Nthabiseng and Pieter—the hypothetical South African children who opened the report’s overview—are not unusual examples of people who face highly disparate initial opportunities. A girl born to a lower-caste family of nine in the slums of Dhaka has vastly different opportunities from a boy born to well-educated and affluent parents in the well-heeled neighborhoods. An AIDS orphan in rural Zimbabwe is almost certain to have fewer chances and choices in life than a compatriot born to healthy and well-educated parents in Harare. Those differences are even greater across borders: an average Swiss, American, or Japanese child born at the same instant as Nthabiseng will have incomparably superior life chances.

Such staggering inequalities in opportunity are intrinsically objectionable, and almost every culture, religion, and philosophical tradition has developed arguments and beliefs that place great value on equity for its own sake. In addition, Part II of this report will argue that we now have considerable evidence that equity is also instrumental to the pursuit of long-term prosperity in aggregate terms for society as a whole. But before one can describe inequity, or assess its impact on growth and development, a clear definition of the term is needed.

This introductory chapter presents our working definition of equity and briefly discusses its main component—equality of opportunity. It then turns from our central normative concepts to one of the report’s key positive concepts: inequality traps. An inequality trap encapsulates the mutually reinforcing nature of various inequalities, which leads to their persistence and to an inferior development trajectory.


Equity and inequality of opportunity: the basic concepts

What is equity? As with any normative concept, the word “equity" means different things to different people. It is a difficult concept, with a history of different interpretations, varying by country and academic discipline. Economists link equity to questions of distribution. Lawyers tend to think of principles meant to correct the strict application of the law, which may lead to an outcome judged to be unfair in specific circumstances. Philosophers have produced the most headway in the thinking about equity. Indeed, the attributes that would characterize a just and fair society lie at the foundation of Western political philosophy, from Plato’s Republic and Aristotle’s Politics onward. Equity is also central to most of the world’s great religions, including Buddhism, Christianity, Hinduism, Islam, and Judaism, as well as to most other faith traditions. More recently, social choice theory, and the closely related domain of welfare economics, have been concerned with the aggregation of preferences into some form of “social optimum."
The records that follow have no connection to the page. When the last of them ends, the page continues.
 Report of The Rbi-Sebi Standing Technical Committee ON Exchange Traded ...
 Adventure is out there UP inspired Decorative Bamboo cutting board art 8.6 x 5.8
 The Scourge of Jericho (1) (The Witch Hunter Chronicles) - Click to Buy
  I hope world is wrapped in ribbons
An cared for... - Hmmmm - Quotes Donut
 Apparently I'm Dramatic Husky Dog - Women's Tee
Summarizing such long-standing and nuanced characterizations is perilous, but the common denominator of these many different views is that equity relates to fairness, whether locally in families and communities, or globally across nations. We do not dwell on the different approaches to equity here, but we do elaborate on them in Chapter 4, which reviews various categories of evidence in support of the intrinsic importance of equity. For this report, we think of equity as being defined in terms of two basic principles:

  • Equal opportunity. The outcome of a person’s life, in its many dimensions, should reflect mostly his or her efforts and talents, not his or her background. Predetermined circumstances—gender, race, place of birth, family origins—and the social groups a person is born into should not help determine whether people succeed economically, socially, and politically1.
    1 This formulation draws loosely on Roemer (1998), but it is also related to the works of Dworkin (1981b), Dworkin (1981a), and Sen (1985).
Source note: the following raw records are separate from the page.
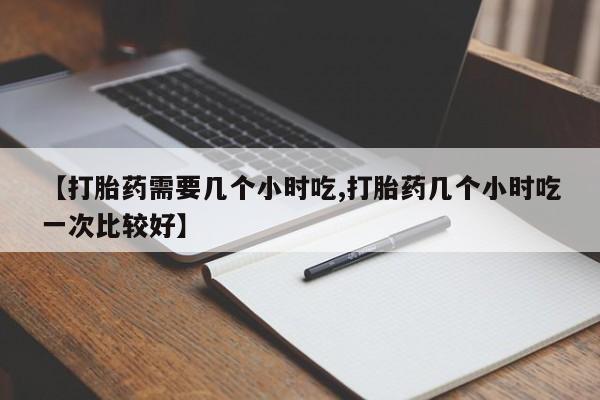 打胎药在线购买联系微信【打胎药需要几个小时吃,打胎药几个小时吃一次比较好】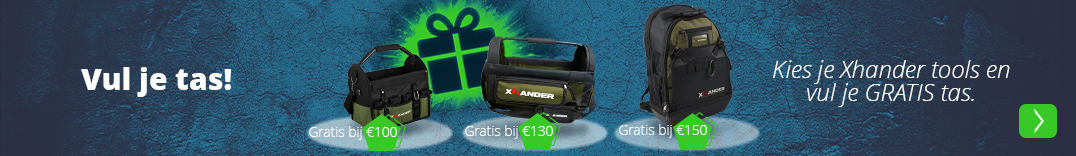 Vul jouw GRATIS XHANDER gereedschapstas!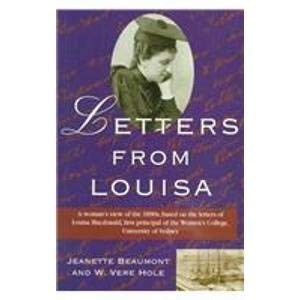 Stock image for Letters from Louisa: A Woman's View of the 1890s, based on the Letters of Louisa Macdonald, First Principal of the Women's College, University of Sydney. for sale by BOOKHOME SYDNEY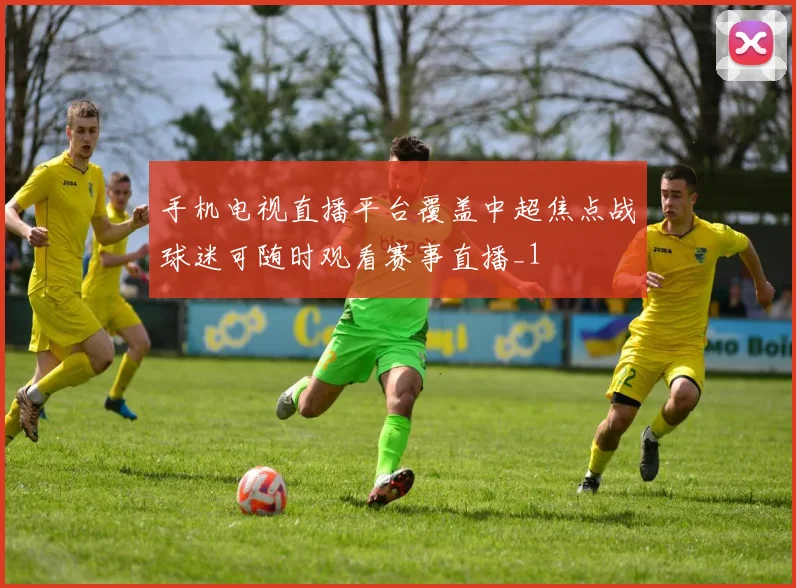 手机电视直播平台覆盖中超焦点战球迷可随时观看赛事直播_1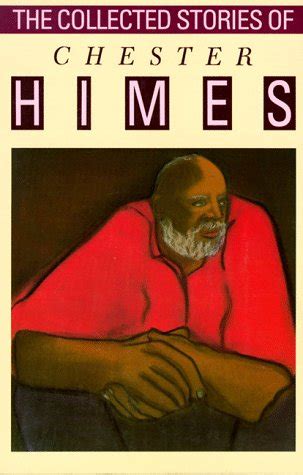 Chester Himes Quotes. QuotesGram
  • Avoidance of absolute deprivation. An aversion to extreme poverty, or indeed a Rawlsian2 form of inequality aversion in the space of outcomes, suggests that societies may decide to intervene to protect the livelihoods of its neediest members (below some absolute threshold of need) even if the equal opportunity principle has been upheld. The road from opportunities to outcomes can be tortuous. Outcomes may be low because of bad luck, or even because of a person’s own failings. Societies may decide, for insurance or for compassion, that its members will not be allowed to starve, even if they enjoyed their fair share of the opportunity pie, but things somehow turned out badly for them.
    2 See Rawls (1971).





The equal opportunity principle is conceptually simple: circumstances at birth should not matter for a person’s chances in life. But to measure inequality of opportunities is much harder. Chapter 2 briefly discusses one approach, which decomposes observed income inequality into one part that can be attributed, in a statistical sense, to predetermined circumstances—such as race, place of birth, and parental background—and one part that cannot. The first component captures a lower bound value for the opportunity share of income or earnings inequality. But it is generally very difficult to measure things like family background precisely: years of schooling and broad occupational categories are imperfect proxies for a family’s endowments of human, physical, and social capital.
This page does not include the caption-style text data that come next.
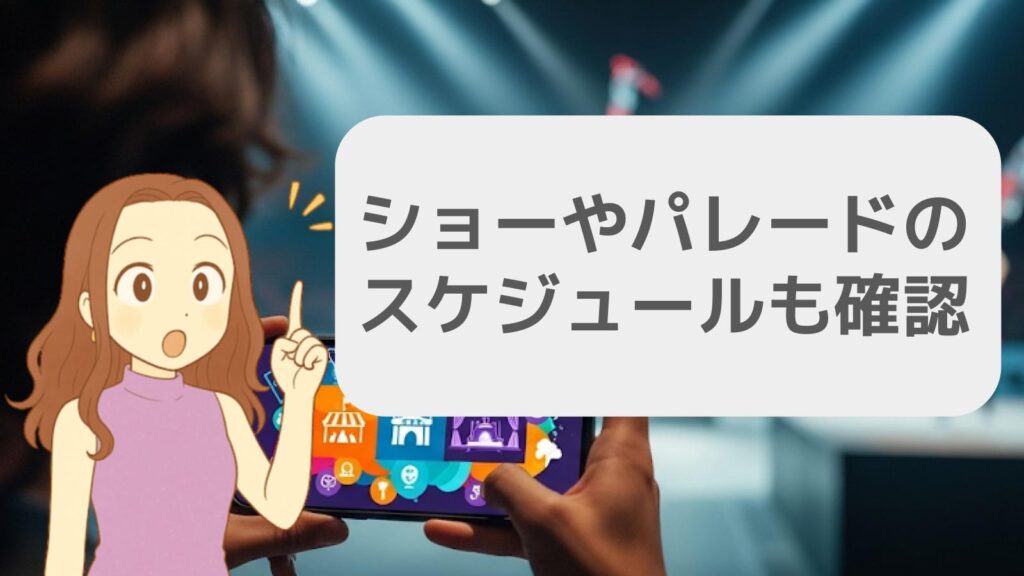 ショーやパレードのスケジュールも確認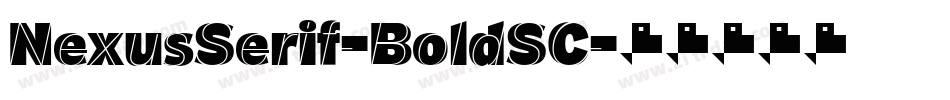 NexusSerif-BoldSC字体转换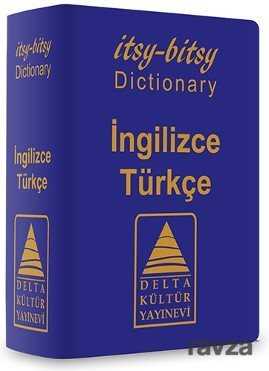itsy - bitsy İngilizce-Türkçe Mini Sözlük - Delta Kültür Yayınevi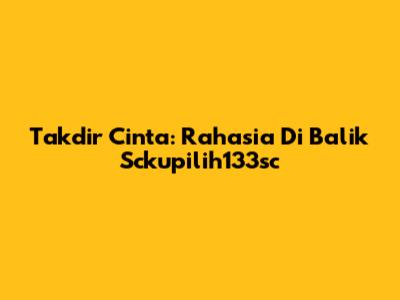 Takdir Cinta: Rahasia Di Balik Sckupilih133sc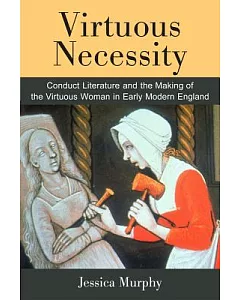 Virtuous Necessity: conduct Literature and the Making of the Virtuous Woman in Early Modern England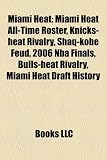 Miami Heat: Miami Heat All-Time Roster, Knicks-heat Rivalry, Shaq-kobe Feud, 2006 Nba Finals, Bulls-heat Rivalry, Miami Heat Draft History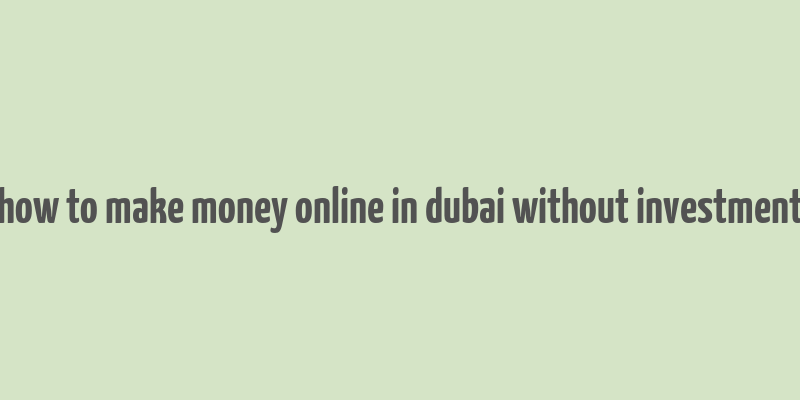 how to make money online in dubai without investment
A superior approach would be to capture the inherently multidimensional and group-based nature of inequality of opportunity. How do the factors that determine a person’s chances in life—the access to health and educational opportunities, the ability to connect to the rest of the world, the quality of the services available, the way institutions treat them—relate to one another? And how do these factors vary across groups? Such an approach would require a focus not only on the dispersion of univariate distributions (such as income inequality or life expectancy) but also on the correlations among them (how do health outcomes vary across socioeconomic groups?). This is the approach taken in most of Chapter 2, which summarizes information on inequalities (with emphasis on the plural) in the various building blocks of opportunity and on their interrelationships.

In taking this route, the report recognizes that predetermined circumstances, or membership in prespecified groups, affect opportunities in two ways:

  • The circumstances of one’s birth affect the endowments one starts with, including all kinds of private assets, such as physical wealth (including land and financial assets), family background (the human, social, and cultural capital of one’s parents), and access to public services and infrastructure (sometimes referred to as geographic capital).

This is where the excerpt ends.